Kosi became a touchstone of realness. If he could be with her, so extraordinarily beautiful and yet so ordinary, predictable, and domestic and dedicated, then perhaps his life would start to seem believably his… Still, he married her. They were living together anyway, and he was not unhappy, and he imagined that she would, with time, gain a certain heft. She had not, after four years, except physically, in a way that he thought made her look even more beautiful, fresher, with fuller hips and breasts, like a well-watered houseplant. (pg 565-566)

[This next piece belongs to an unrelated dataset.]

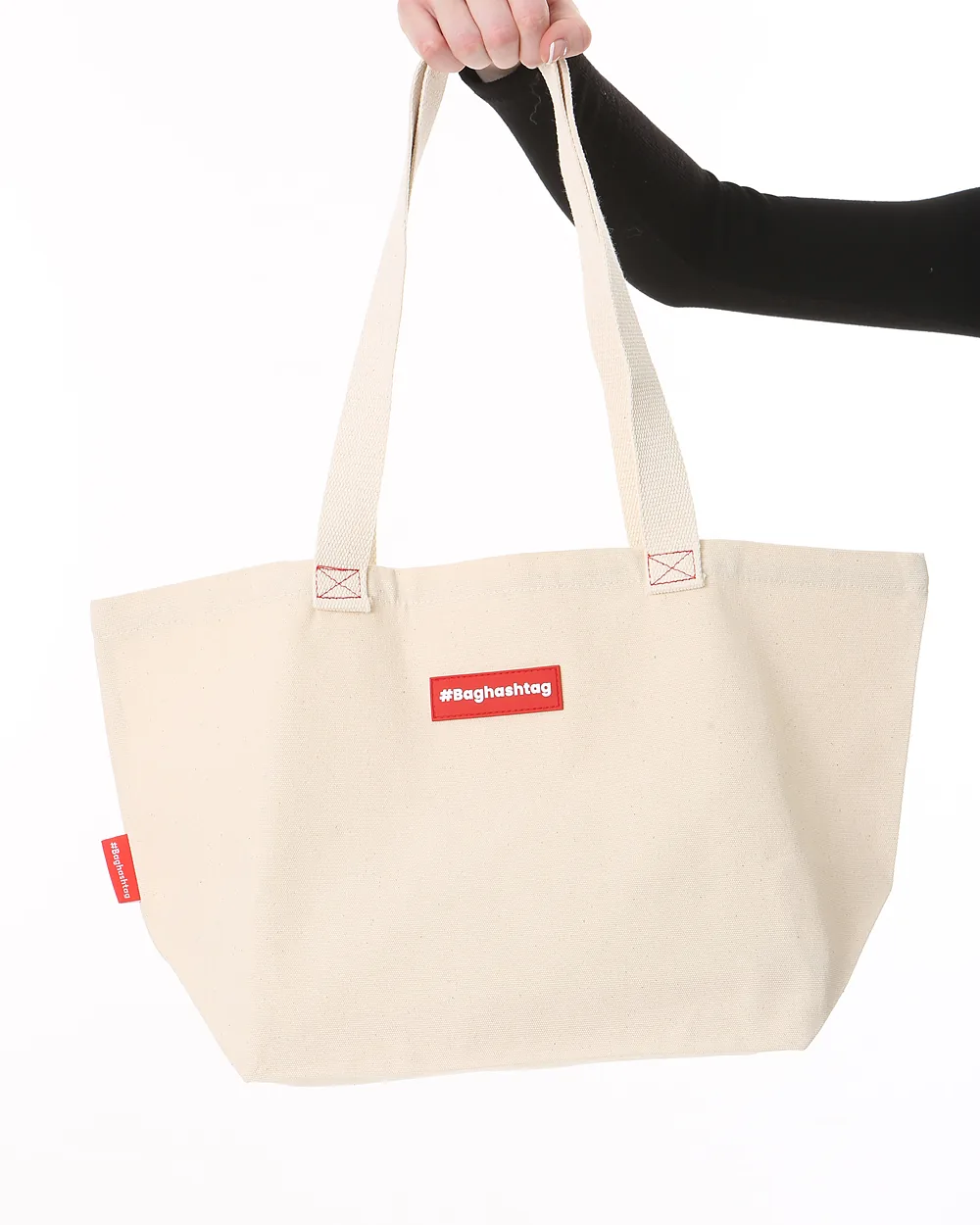 A plain tote bag held up by its handles against a white background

His comparison of her to a houseplant is a very accurate description of their marriage. Obinze needs something more than a pretty decoration at the end of the day to take care of him. He wants the intelligence in his marriage that he had in his relationship with Ifemelu. He even expected this spark of curiosity to grow in Kosi at the beginning of his marriage, but it never did. This creates a void between them that they have never been able to bridge in the four years they have been together. This is likely because Kosi was not bothered by the void and Obinze was still half in love with Ifemelu. He didn’t want to grow closer to another woman, so he did not press Kosi.

In the end, a situation like the one in the book has no perfect answer. While it is difficult for me to connect as deeply with Kosi as I do with Ifemelu, I still couldn’t help but feel sorry for Kosi. She tried very hard to be the perfect wife, but Obinze’s notion of the ideal wife and her own notion were just too different.